Stan Ridgway brings real 'Spirit of the 80's' to concert


Mon, Jul 27th 2015 03:00 pm

Artist to headline Lewiston event Aug. 7

By Colleen Low Larkin

Special to NFP

The musical sounds of the '80s have been reimagined in recent years by a number of popular artists - some of whom weren't born or were just a few years old in the Ronald Reagan-Vanna White-Rubik's Cube decade.

Do they like this music? Maybe. Are they sampling it because it's trendy and they can sell more records? Probably.

Stan Ridgway would say that homage is ironic, given that, "The 80s music pulled in imagination and creativity. It was eclectic," he said. "It was an attitude of 'Hey, I'm here! I'm going to make something.' It was the idea of starting something on your own, not to be part of a machine. We were all doing something different."

Ridgway will bring that idea of originality - plus his unique voice and sounds - to Academy Park in Lewiston Friday, Aug. 7. He will headline the first night of the Spirit of the 80's weekend.

"I like to play different kinds of music," he said. Ridgway offers a mixture of genres in his songs. The classic "Camouflage" is reminiscent of an old Western theme, while his latest release, "Mr. Trouble," evokes images of the bayou. "It's good to be different in an age where everything has been so sliced and diced."

A captivating storyteller, Ridgway himself found inspiration in the world that surrounded him during his formative years in the 1960s. In particular, the artist cited Rod Sterling's "The Twilight Zone" as introducing him to the idea of an encapsulated story told in a finite period.

"They were little morality plays," Ridgway said. "They were dark, yet entertaining. They kind of informed me of what storytelling could be."

This influence is notable in one of Rigdway's 1986 releases, "Drive, She Said," which weaves a tale of a mysterious taxi ride from the driver's point of view.

"Songs were stories back then," Ridgway said. "The Beach Boys' 'Surfin' U.S.A.' painted a picture in my mind. Songs became like small films to me, with a beginning, middle and end."

Ridgway said the music of the '80s was different, because the time was different. "A lot of discoveries and friendships were made over the arts," he said. "Ideas were exchanged between people, face-to-face, not like today where everyone Googles it. Today we are living in the science fiction age. Is it really as it appears?"

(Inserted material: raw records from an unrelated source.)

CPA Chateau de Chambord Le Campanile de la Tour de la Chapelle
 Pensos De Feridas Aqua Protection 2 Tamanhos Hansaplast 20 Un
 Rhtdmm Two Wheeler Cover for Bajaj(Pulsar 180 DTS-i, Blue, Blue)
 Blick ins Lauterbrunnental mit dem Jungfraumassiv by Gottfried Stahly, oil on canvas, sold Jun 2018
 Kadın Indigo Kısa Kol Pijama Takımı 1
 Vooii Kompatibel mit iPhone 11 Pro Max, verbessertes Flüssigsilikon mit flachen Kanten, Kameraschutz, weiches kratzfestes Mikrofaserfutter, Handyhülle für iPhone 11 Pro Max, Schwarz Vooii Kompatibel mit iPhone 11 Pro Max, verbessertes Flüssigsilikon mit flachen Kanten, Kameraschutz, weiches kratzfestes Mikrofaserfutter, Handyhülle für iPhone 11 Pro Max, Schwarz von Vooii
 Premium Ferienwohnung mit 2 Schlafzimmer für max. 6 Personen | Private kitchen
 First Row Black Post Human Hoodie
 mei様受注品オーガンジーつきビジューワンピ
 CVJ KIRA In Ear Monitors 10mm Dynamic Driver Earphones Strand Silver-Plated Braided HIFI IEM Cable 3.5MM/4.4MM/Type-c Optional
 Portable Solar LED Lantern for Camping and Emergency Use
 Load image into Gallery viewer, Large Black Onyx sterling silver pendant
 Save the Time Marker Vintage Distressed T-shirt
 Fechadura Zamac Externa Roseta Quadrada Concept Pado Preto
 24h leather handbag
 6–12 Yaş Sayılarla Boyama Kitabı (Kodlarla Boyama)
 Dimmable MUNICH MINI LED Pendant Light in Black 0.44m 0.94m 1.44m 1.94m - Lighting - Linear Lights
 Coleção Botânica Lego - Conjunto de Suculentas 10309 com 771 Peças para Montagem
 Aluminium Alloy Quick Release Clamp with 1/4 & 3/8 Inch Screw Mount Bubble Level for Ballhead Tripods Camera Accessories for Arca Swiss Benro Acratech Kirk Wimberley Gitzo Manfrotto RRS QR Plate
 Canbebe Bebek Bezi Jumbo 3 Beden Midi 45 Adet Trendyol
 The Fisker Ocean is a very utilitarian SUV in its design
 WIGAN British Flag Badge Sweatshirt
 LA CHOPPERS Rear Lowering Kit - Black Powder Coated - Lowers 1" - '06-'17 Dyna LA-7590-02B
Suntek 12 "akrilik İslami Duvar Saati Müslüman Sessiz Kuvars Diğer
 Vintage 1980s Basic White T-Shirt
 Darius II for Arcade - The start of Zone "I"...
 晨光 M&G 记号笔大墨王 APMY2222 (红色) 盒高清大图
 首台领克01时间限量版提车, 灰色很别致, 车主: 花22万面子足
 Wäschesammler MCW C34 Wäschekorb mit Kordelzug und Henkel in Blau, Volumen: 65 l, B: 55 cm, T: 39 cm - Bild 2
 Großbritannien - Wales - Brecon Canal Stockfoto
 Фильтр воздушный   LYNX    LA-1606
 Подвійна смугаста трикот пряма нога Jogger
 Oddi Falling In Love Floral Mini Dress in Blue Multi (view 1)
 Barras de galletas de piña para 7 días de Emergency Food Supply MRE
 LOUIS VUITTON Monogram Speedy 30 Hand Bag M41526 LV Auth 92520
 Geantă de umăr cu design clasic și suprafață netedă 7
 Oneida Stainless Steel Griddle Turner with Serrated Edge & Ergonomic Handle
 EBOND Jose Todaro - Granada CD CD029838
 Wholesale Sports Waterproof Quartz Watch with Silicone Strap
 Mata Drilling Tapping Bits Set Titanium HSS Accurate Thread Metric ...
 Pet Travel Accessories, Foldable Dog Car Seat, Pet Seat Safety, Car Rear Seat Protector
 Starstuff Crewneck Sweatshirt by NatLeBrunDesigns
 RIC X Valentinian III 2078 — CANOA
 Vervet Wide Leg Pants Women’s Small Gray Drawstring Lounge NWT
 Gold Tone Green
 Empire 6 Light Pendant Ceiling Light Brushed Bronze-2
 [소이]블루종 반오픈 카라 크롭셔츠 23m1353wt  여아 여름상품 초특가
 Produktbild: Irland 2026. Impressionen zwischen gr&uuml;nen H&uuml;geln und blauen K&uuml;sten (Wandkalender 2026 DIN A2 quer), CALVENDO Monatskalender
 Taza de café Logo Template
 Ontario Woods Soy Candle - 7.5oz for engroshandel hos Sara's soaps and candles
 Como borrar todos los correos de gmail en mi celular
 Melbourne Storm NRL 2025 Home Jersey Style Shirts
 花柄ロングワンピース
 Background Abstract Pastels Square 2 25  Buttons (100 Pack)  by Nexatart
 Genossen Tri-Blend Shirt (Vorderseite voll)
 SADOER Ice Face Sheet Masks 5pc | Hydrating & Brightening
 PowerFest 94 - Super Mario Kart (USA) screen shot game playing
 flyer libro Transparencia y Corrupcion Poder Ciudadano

"Now, there's a string of information that's broken (with music)," Ridgway said, describing the music industry's current focus on marketing and algorithms. "We used to look at the back of album covers to see who were the team of people behind the recording and map them to other things they had done. This is how we discovered things. We were determined to understand who was part of this village of music."

While music creation in the 21st century may be approached differently, it hasn't impacted Ridgway's popularity. The former Wall of Voodoo frontman continues to tour, returning again to the East Coast after a brief absence.

In Lewiston, fans can expect to hear a collection of songs from Ridgway's 35-year music career, including some tunes from his pre-solo years.

"Every song is part of a symphony," he said. "I like them all." What he'll play at any given performance is unpredictable, though. "I like to freshen it up."

As for music of yesterday and today, Ridgway's sage advice is "If you have an imagination, use it! People don't stop creating."

Ridgway will take to the stage at 9 p.m. Tickets for the concert ($15) are available at www.thespiritoftheeighties.com.

Ridgway's latest album, "Mr. Trouble," can be purchased on his website, www.stanridgway.com.